- **Raw data**

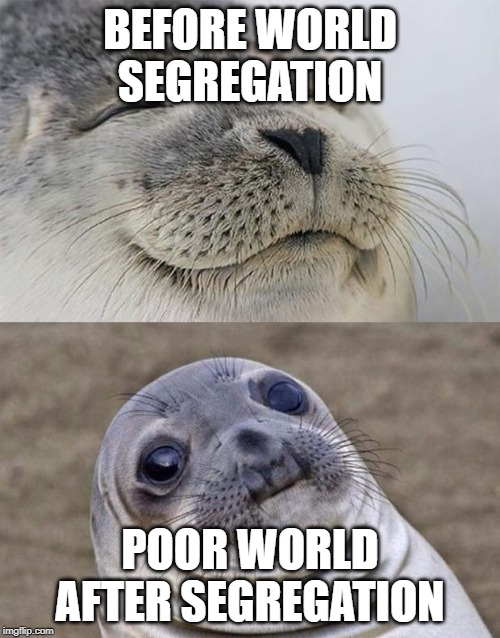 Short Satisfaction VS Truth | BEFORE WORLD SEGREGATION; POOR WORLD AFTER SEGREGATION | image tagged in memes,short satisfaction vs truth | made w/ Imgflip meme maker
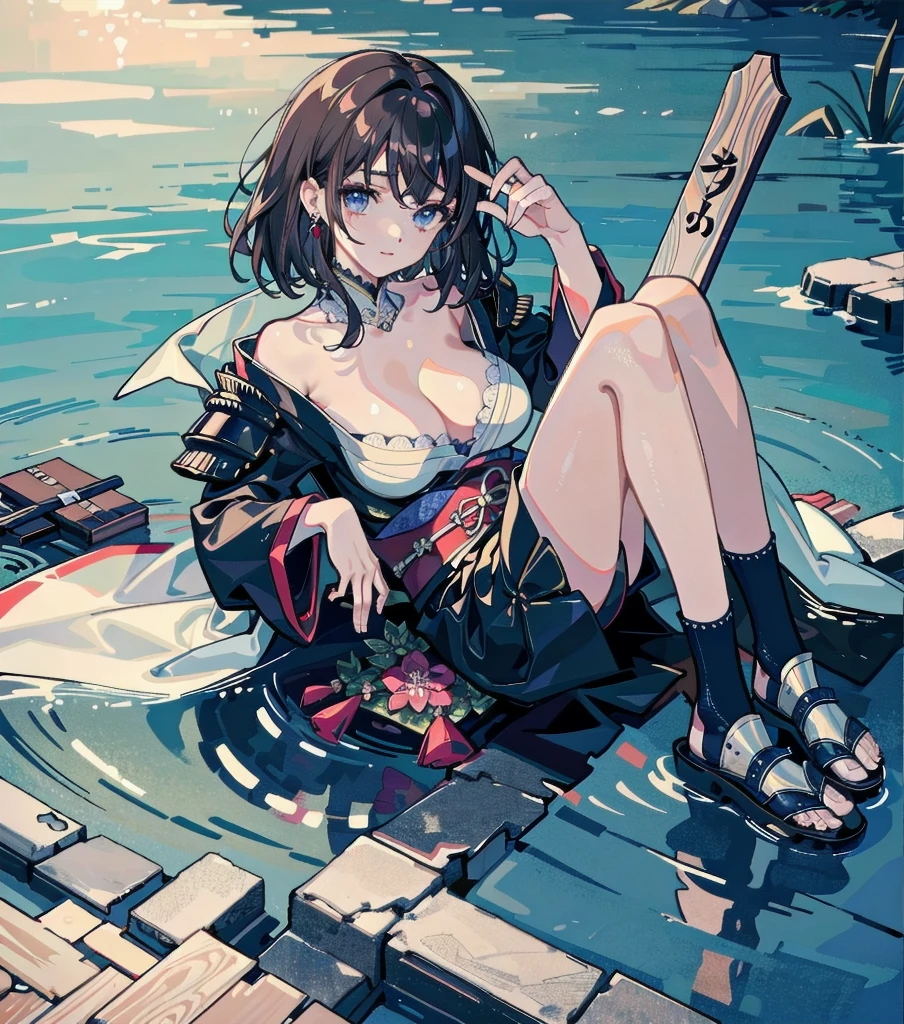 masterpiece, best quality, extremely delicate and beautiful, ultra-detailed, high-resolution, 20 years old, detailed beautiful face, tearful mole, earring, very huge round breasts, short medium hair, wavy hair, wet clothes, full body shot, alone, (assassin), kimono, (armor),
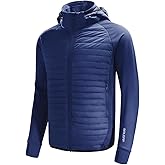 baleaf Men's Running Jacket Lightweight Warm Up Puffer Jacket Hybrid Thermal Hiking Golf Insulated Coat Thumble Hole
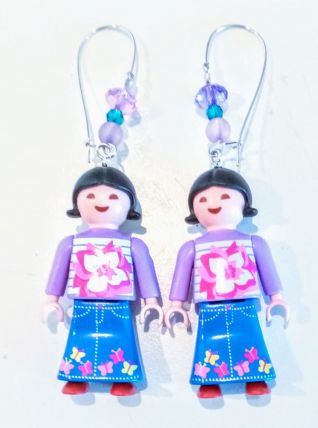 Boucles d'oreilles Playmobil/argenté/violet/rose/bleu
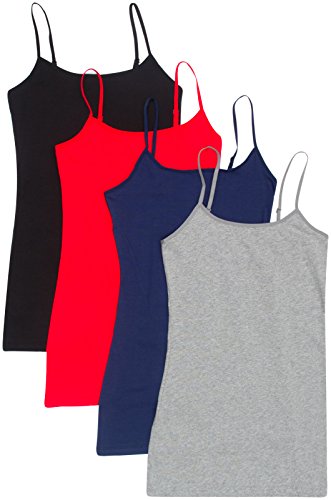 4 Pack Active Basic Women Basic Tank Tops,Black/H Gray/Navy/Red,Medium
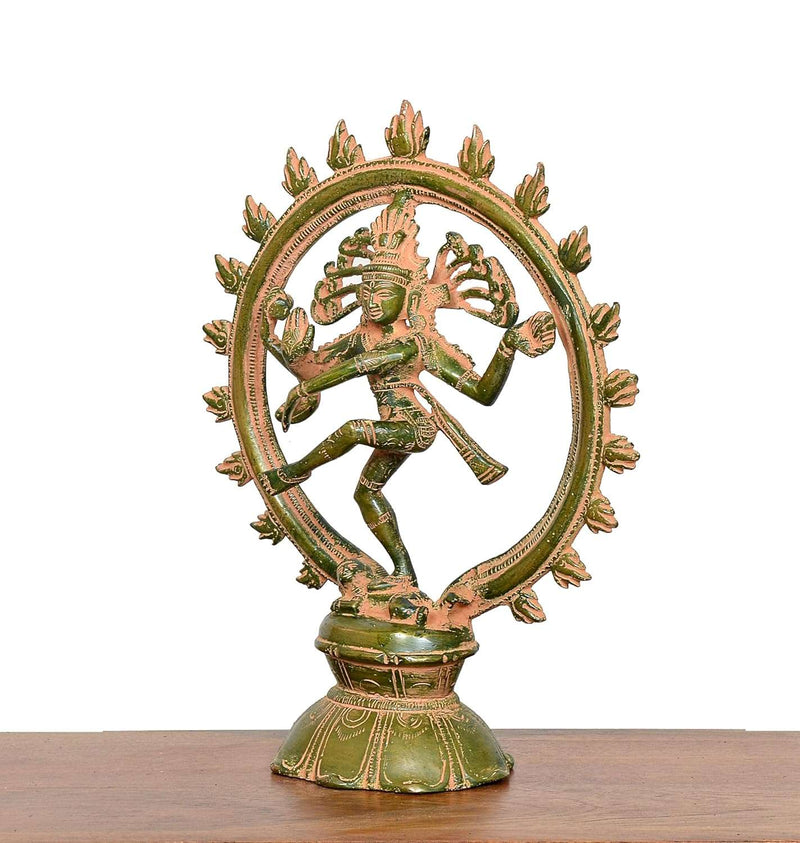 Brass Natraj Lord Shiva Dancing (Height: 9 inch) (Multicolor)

...

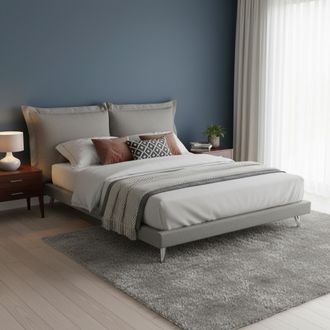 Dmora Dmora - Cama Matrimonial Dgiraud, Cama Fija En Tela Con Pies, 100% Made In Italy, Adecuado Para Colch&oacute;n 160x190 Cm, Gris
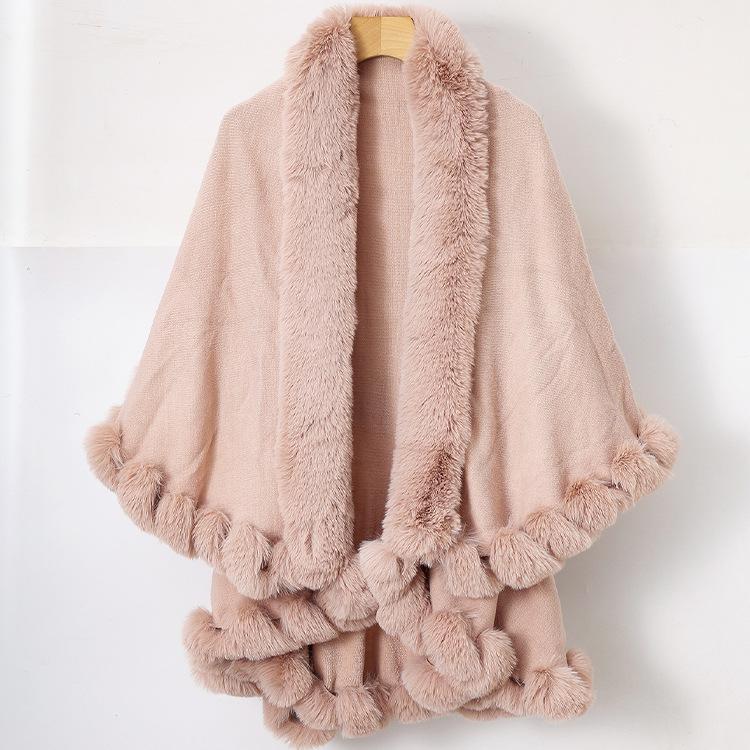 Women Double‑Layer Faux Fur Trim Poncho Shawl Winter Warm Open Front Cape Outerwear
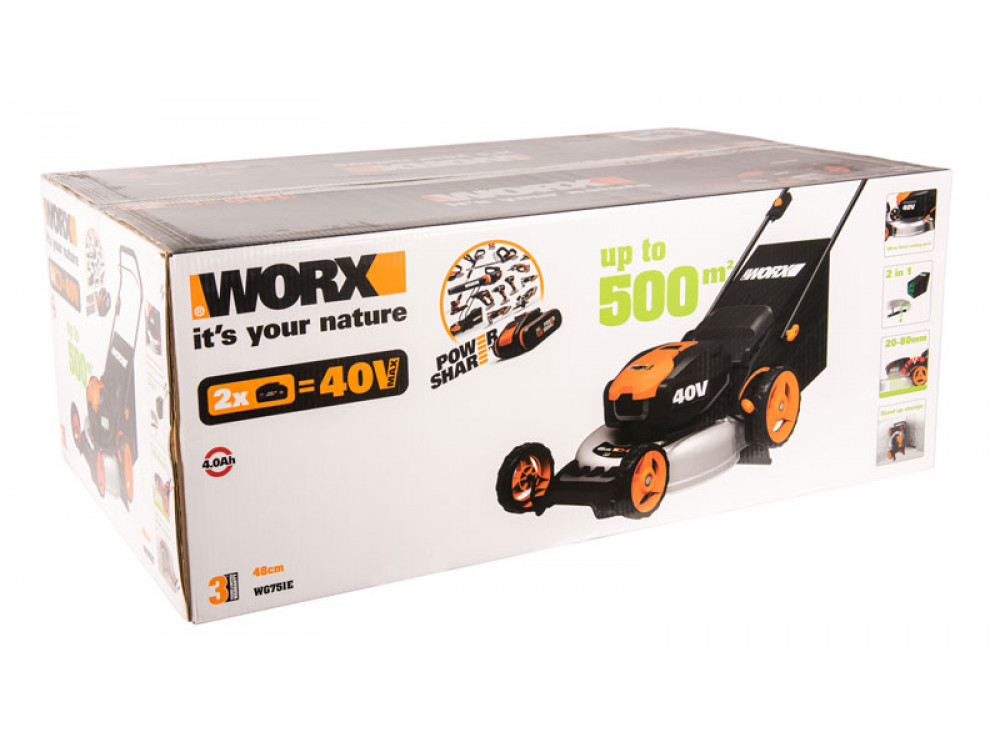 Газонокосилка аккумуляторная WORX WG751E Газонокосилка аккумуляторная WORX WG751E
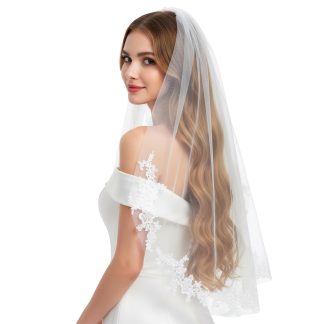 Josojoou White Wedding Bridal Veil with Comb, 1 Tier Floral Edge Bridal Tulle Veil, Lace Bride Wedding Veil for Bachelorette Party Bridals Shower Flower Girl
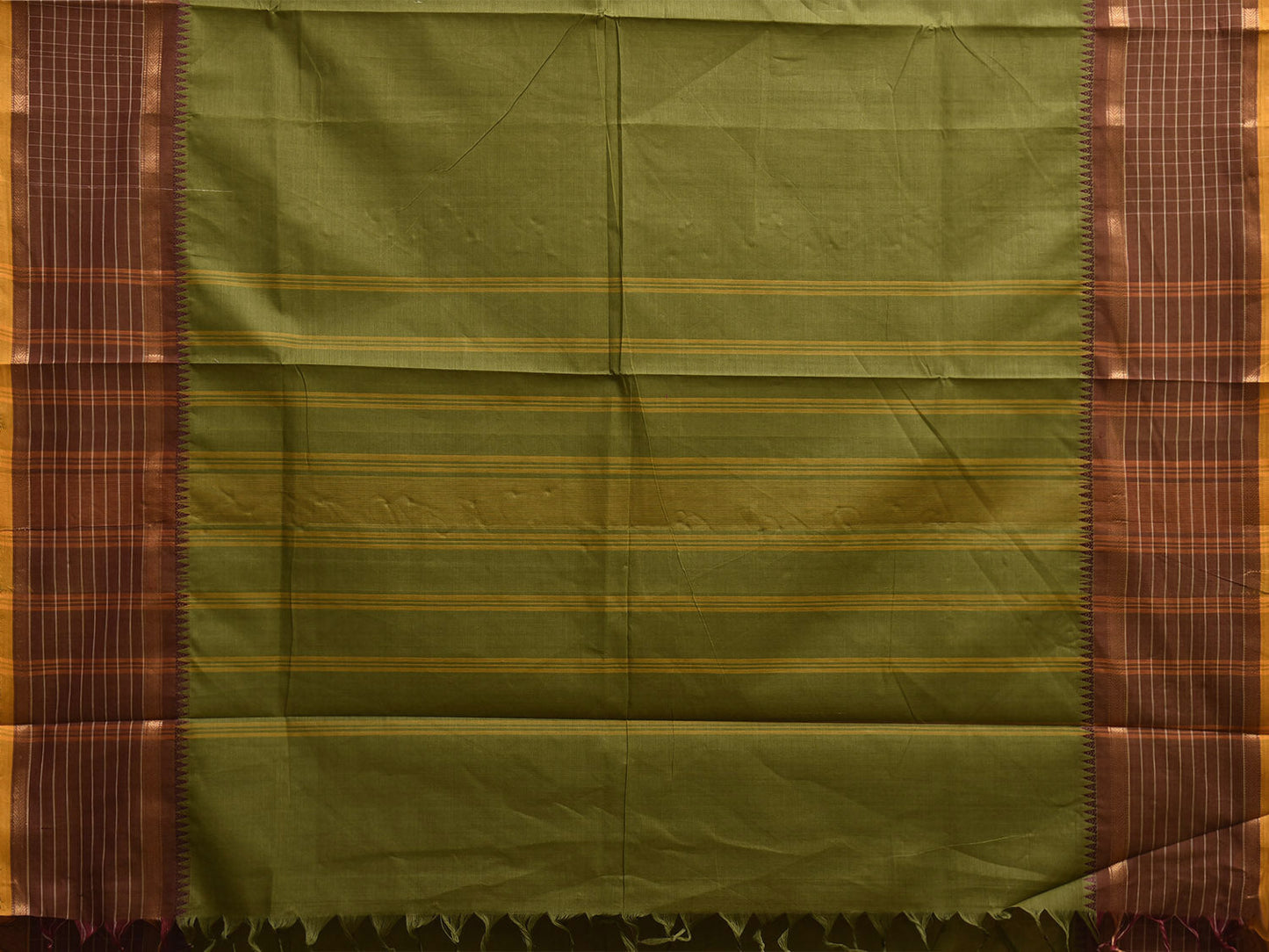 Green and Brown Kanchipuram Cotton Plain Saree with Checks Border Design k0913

--

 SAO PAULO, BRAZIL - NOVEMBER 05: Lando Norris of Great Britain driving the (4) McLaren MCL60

- **Assignment**
From the line with "Boucles d'oreilles Playmobil/argenté/violet/rose/bleu" up to and including the line with "Brass Natraj Lord" above, retype every line exactly and nothing more; leave out the pictures.

- **Response area**
 Boucles d'oreilles Playmobil/argenté/violet/rose/bleu
 4 Pack Active Basic Women Basic Tank Tops,Black/H Gray/Navy/Red,Medium
 Brass Natraj Lord Shiva Dancing (Height: 9 inch) (Multicolor)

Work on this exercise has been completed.